# [Dataset excerpt]
......
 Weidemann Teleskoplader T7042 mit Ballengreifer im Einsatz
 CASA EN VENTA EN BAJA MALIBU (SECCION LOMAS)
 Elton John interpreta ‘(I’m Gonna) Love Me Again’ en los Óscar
......
# [Task requirements]
Give back the entire listing, line for line, exactly as it stands.

# [Result]
 Weidemann Teleskoplader T7042 mit Ballengreifer im Einsatz
 CASA EN VENTA EN BAJA MALIBU (SECCION LOMAS)
 Elton John interpreta ‘(I’m Gonna) Love Me Again’ en los Óscar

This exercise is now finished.